AUSTIN (KXAN) - The Department of Justice said in a letter to the City of Austin it will not review the Austin Police Department. In response, local civil rights groups say the ball is now back in the city council's court to ensure the police are policed, in effect.
“City leadership has to take hold of this issue and thus far, they haven't,” Nelson Linder of the local chapter of the NAACP told KXAN. “I mean they've been running away from the issue. I think now they're going to be forced to come up front and talk about police policies, accountability and telling that directly to the people who live in this city who vote for them.”
In August, City Manager Marc Ott requested the review of policies, procedures and practices of APD after a string of officer involved shootings, including 10 since the start of 2012. That includes seven this year, three of which were fatal.
The requested evaluation was to examine potential, systematic issues or patterns of misconduct by the department, the city said.
- Read the letter the Department of Justice sent to the City of Austin
- Marc Ott's letter to the Mayor and Council Members
The request followed an investigation into the police department that was opened by the DOJ in May 2007 after allegations of excessive force. The investigation was closed in May 2011 after the DOJ "concluded they did not have reasonable cause to believe that APD engaged in actions that deprived residents of their protections under the Constitution."
Through that investigation, the DOJ provided APD with more than 160 recommendations on how to better the department, and the vast majority of the suggestions were implemented.

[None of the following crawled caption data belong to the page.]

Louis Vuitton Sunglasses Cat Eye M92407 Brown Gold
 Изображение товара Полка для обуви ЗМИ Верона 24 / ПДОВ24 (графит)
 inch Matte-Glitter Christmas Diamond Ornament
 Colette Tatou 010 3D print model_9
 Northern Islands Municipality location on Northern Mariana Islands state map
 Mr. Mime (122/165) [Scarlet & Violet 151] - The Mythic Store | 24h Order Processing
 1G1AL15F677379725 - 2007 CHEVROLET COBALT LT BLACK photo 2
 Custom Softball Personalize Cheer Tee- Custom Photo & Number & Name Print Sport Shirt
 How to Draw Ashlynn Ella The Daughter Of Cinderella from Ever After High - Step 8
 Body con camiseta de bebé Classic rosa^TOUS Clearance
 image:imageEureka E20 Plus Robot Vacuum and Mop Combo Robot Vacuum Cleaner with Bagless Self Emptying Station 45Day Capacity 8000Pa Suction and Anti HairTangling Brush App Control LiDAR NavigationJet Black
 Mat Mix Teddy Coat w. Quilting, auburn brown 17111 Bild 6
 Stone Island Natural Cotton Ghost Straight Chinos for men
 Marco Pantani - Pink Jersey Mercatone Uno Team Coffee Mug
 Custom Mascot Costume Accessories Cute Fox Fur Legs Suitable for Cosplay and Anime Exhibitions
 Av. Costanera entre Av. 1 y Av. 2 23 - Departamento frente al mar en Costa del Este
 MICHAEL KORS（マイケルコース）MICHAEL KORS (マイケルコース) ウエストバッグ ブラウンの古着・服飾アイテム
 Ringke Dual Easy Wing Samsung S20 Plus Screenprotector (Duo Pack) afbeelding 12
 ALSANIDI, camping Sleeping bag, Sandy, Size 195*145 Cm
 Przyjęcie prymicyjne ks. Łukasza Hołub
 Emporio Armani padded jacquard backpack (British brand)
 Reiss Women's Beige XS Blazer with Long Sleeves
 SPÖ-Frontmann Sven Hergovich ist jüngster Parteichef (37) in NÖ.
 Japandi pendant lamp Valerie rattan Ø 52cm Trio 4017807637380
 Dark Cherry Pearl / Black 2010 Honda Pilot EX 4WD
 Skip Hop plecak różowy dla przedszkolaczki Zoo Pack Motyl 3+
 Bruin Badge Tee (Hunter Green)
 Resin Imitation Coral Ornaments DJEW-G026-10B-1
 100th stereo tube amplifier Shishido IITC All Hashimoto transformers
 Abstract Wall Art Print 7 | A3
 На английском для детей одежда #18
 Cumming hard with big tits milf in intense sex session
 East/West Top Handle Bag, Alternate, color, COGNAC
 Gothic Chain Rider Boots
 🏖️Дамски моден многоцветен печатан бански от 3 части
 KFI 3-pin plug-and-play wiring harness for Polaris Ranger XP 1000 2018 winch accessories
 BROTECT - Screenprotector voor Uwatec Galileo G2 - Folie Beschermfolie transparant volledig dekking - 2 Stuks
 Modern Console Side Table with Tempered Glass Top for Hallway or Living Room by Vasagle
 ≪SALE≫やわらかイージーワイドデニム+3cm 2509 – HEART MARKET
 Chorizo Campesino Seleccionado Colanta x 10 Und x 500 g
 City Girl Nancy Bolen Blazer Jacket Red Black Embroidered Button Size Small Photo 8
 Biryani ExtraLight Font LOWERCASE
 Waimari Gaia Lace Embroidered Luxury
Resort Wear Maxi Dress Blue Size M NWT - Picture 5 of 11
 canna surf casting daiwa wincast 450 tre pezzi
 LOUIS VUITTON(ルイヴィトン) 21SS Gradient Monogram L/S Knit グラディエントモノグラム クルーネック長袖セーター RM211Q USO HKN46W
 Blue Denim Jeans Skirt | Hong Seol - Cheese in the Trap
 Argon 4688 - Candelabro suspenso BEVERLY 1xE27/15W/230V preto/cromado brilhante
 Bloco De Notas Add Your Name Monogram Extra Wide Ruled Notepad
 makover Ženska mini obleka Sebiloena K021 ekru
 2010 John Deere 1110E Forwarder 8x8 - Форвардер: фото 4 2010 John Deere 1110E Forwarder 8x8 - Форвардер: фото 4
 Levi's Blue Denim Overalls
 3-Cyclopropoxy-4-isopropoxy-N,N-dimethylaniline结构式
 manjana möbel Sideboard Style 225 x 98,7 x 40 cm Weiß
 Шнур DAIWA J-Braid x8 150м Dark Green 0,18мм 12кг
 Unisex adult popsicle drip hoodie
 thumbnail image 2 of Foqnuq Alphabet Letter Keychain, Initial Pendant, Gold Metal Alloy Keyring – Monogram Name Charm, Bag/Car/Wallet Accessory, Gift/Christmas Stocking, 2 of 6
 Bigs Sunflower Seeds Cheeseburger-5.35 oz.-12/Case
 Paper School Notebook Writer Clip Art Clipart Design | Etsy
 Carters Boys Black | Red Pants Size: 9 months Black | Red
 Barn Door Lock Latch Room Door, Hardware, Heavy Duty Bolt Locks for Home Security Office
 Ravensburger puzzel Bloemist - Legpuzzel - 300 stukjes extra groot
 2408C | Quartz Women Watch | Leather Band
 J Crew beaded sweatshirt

Added Scott Medlock of the Texas Civil Rights Project, the group that brought the 2007 review request with NAACP: "The city council needs to what the DOJ has already suggested. I don't think this is any sort of whitewash or blessing of what the police have done here."
Because of the implementation of those recommendations, the DOJ said it felt the police department currently has "standing oversight tools and practices that can provide a credible means for the city to respond to incidents like the recent events in Austin, thus determining that the existing mechanisms will be the most effective way of refurbishing community trust in APD."
“Public safety and community trust are fundamentally interwoven, which is why in I requested that the Department of Justice review the practices and policies of APD," Ott said. "Furthermore, because the DOJ made the recommendations to APD, I felt they could be helpful in reviewing tactics as they relate to policies.
“I am grateful to the Justice Department for their consideration and thankful for the confidence they have in our present, city processes," he added. "I have directed Chief (Art) Acevedo to conduct an internal review to determine if our tactics are consistent with our policies. The chief has committed to providing a report to me within 90 days."
The city also said it has worked the the DOJ's Community Relations Service, a separate office from the Civil Rights Division, which focuses on mediation of community tension and conflict concerning race issues.
The NAACP's Nelson Linder said A DOJ-led meeting is planned September 25th to address community tensions and help mediate ongoing issues. A location will be announced in the next 10 days, he said.